Nosso trabalho teve início do desejo primordial contido no coração de alguns acadêmicos de saúde de ir além das barreiras da hierarquia hospitalar, de modo a, pelo menos, tornar aquele ambiente a que os enfermos têm de reduzir o seu mundo, um pouco mais agradável.
Tendo, então, conhecimento acerca de grupos de palhaços de hospital já atuantes no Brasil e no mundo, percebemos que, apesar de não termos nenhuma formação artística maior, possuíamos já em nossa essência o principal: a forte vontade de doar os nossos sonhos em prol daqueles que, muitas vezes, vêem-se perdendo até mesmo seus sonhos de vida.
Sonhos...lembra-se daqueles que você tinha quando criança? O mundo da criança é repleto de fantasia, de imaginação...de sonhos. Tendo ou não sido retirados de nós pelas asperezas da vida, esses são, certamente, os mais puros e verdadeiros. São aqueles que realmente nos fazem felizes, simplesmente por tê-los.
Pensando nisso e em nossos ideais, notamos que nosso trabalho deveria ser direcionado à Pediatria, de modo a tentar levar o que pudermos da imensidão do mundo da criança a seu leito. Afinal, o mundo, sobretudo da criança, não depende de espaço. Basta darmos o estímulo, que ele é infinito.
Com apenas cerca de 2 anos trabalhando para tornar cada vez mais concreta a transformação do ambiente hospitalar através da máscara do palhaço, apesar de alguns investimentos na área artística, percebemos grande carência nessa área, afinal, não somos profissionais e temos relativamente pouco tempo de trabalho. Nesse campo, então, precisamos ter um contato maior com as técnicas de palhaços de hospitais, além de saber melhor utilizar a música, os sons, a contação de estórias, os fantoches, enfim, outras modalidades artísticas, de modo que as visitas se tornem mais organizadas e tenhamos mais segurança em relação a determinadas situações mais difíceis, como pouca receptividade do paciente ou do acompanhante.
Além disso, apesar do pouco tempo de projeto, já nos deparamos com diversas situações que fazem surgir por trás do nariz de palhaço, o medo e com ele diversos questionamentos sobre como agir, desde situações aparentemente simples como a seriedade de uma criança, até um algo mais sério, como um óbito em horário de visita. Já nos vimos bastante confusos diante dessas experiências, percebendo a grande importância de uma orientação psicológica, de que estamos carentes.
Acreditamos que os Doutores da Alegria podem nos ajudar de forma concreta em relação ao âmbito artístico, afinal, são todos profissionais e o que puderem nos passar dos seus conhecimentos e experiências será, sem dúvida, um aprendizado que auxiliará fortemente na qualidade de nossas visitas e, o mais importante, repercutirá sobremaneira na geração de sorrisos mais e mais alegres.
No campo psicológico, não há dúvida de que o tempo de atuação dos Doutores da Alegria e estudo sobre a relação do palhaço com a criança poderá nos proporcionar a resposta às muitas perguntas interiores surgidas durante nossas vivências e dessa forma acabará com nossos medos e angústias que por vezes nos deixam ansiosos e inseguros no hospital.

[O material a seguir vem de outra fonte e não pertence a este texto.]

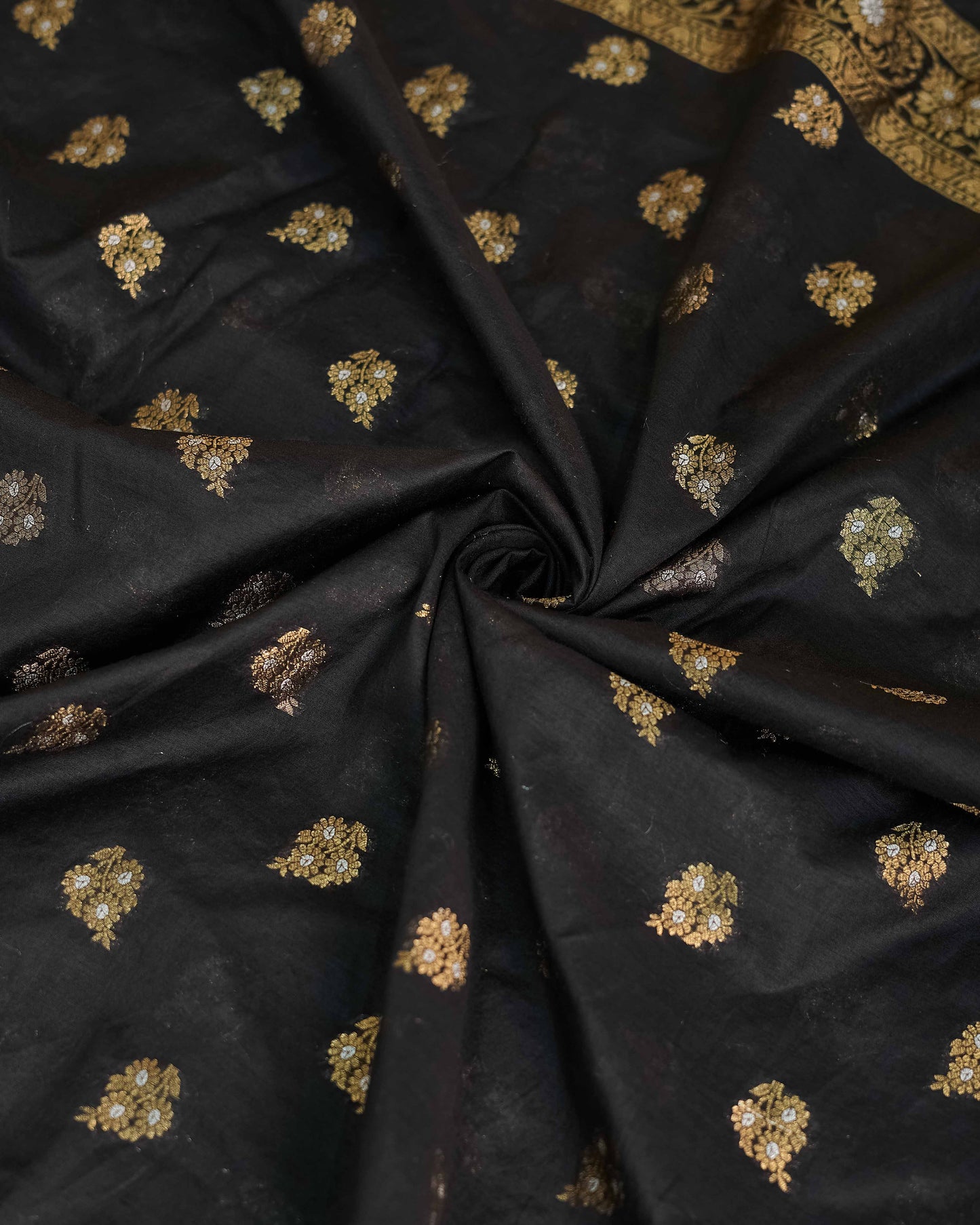 Black chanderi sona rupa kurta, sona rupa zari dupatta , plain bottom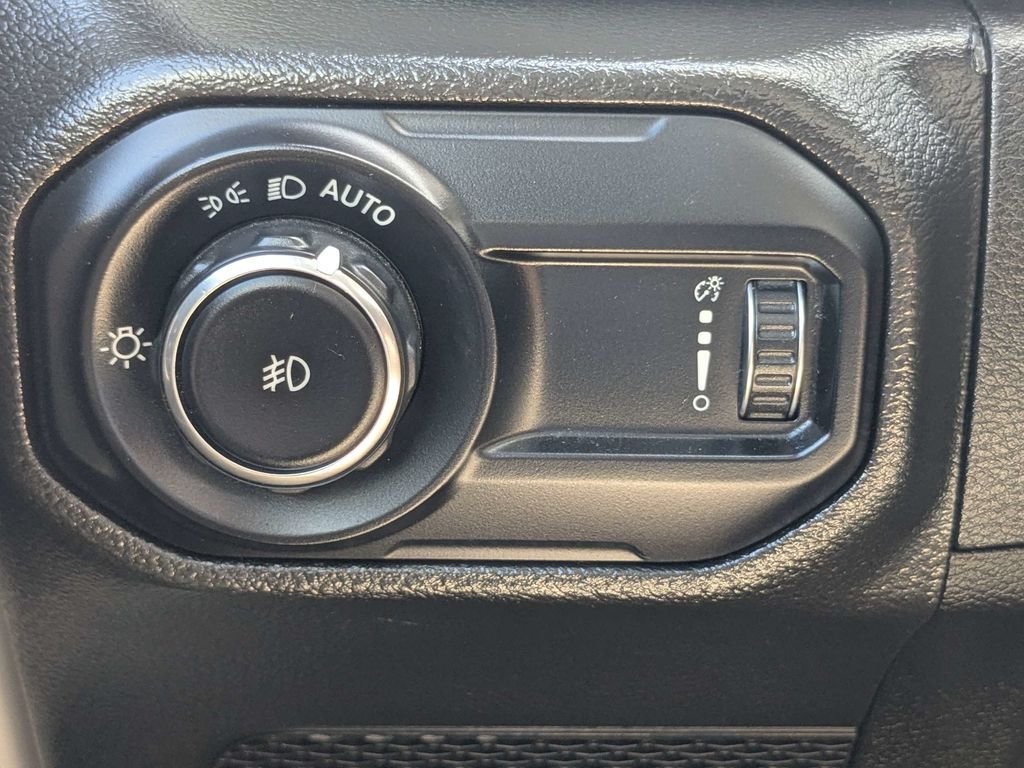 Used 2023 White/off-white Jeep Sahara image 26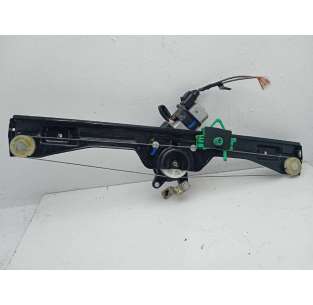 ELEVALUNAS DELANTERO...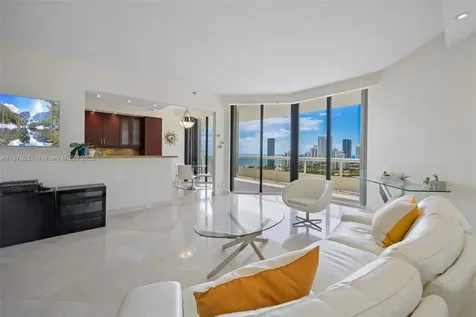 20191 E Country Club Drive Aventura FL 33180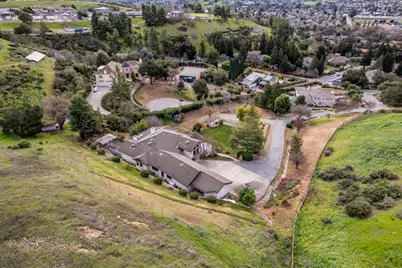 18616 Skuse Ct, San Jose, CA 95120 - Photo 21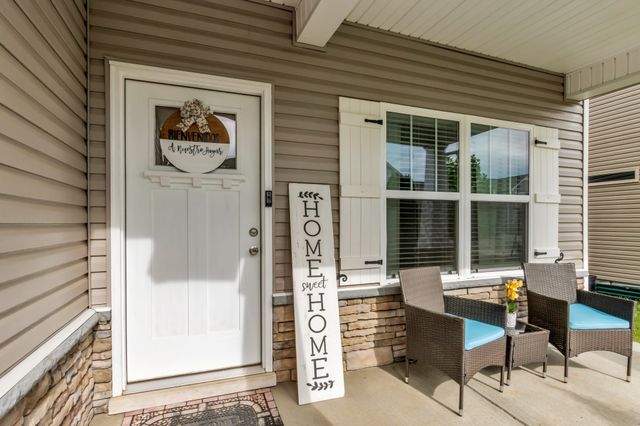 1911 Albarado Trl, Murfreesboro, TN 37128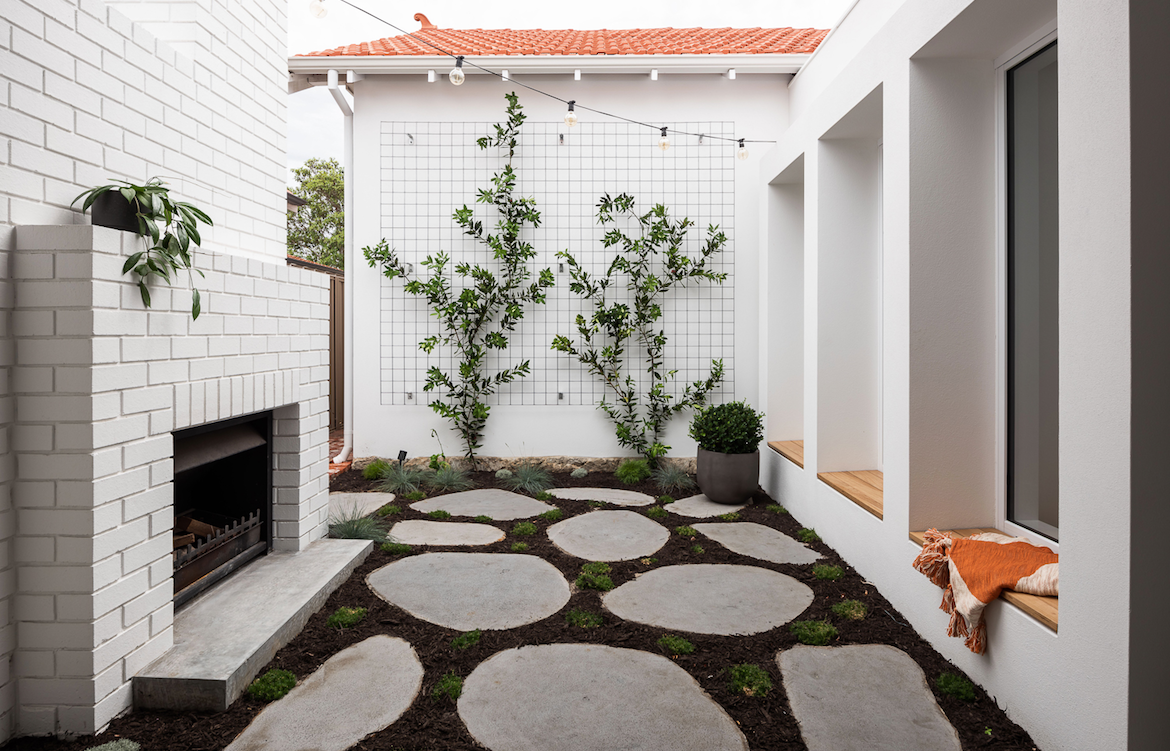 Dalecki Designs Third Avenue house courtyard.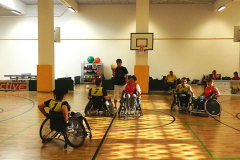 Usuarios jugando un partido de baloncesto 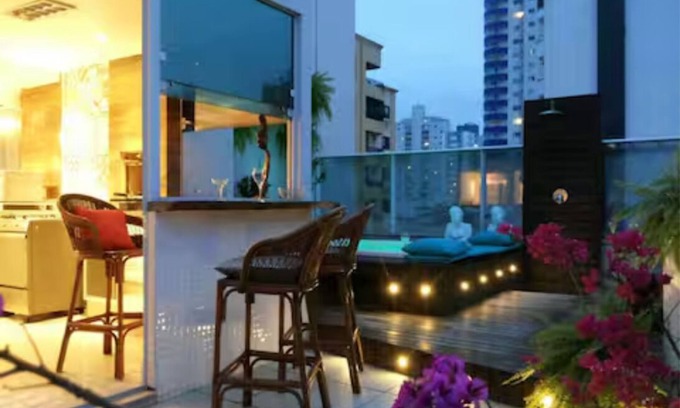 Centro Apartment | Wedding Coverage, Hot Tub - the event!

Isso tudo nos auxiliará a voltarmos das visitas com uma certeza maior de que estamos atingindo nossos objetivos e irá, sem dúvida, nos ajudar a ficar mais consolidados no trabalho a fim de pensarmos com maior confiança nos objetivos já traçados para o futuro, como a realização de pesquisas acerca das conseqüências do nosso trabalho.
Queremos que vocês escolham a gente porque nos espelhamos na forma como atuam , na forma como vocês são capazes de enxergar os pacientes. É essa visão integral do ser humano que esperamos ter como futuros profissionais médicos, enfermeiros e psicólogos. E muito mais que isso, queremos contagiar esse idéia , ou melhor, esse ideal por toda a comunidade acadêmica , quebrando paradigmas! É muito bom perceber que não sonhamos sozinhos e que somos capazes de fazer uma medicina de diferente, que somos capazes de fazer saúde sorrindo ! E é incrível como essa relação do palhaço nas nossas vidas tem sido terapêutica para nós mesmos, na medida em que muitas vezes estressados e desmotivados com relação às aulas da faculdade, depois de uma visita no hospital nos sentimos verdadeiramente revigorados ! E isso com todas as nossas limitações, imagina quando aprendermos muito mais com vocês !
Freqüentemente somos questionados acerca de nossa participação em um grupo que leva palhaços aos hospitais. E não raro, o diálogo costuma ser mais ou menos assim:
- E como é isso?- Cada integrante do grupo tem o seu palhaço, descoberta própria. Algo do tipo.- E então...- Então a gente vai pra enfermaria de Pediatria e trava contato com as crianças.- Só isso?!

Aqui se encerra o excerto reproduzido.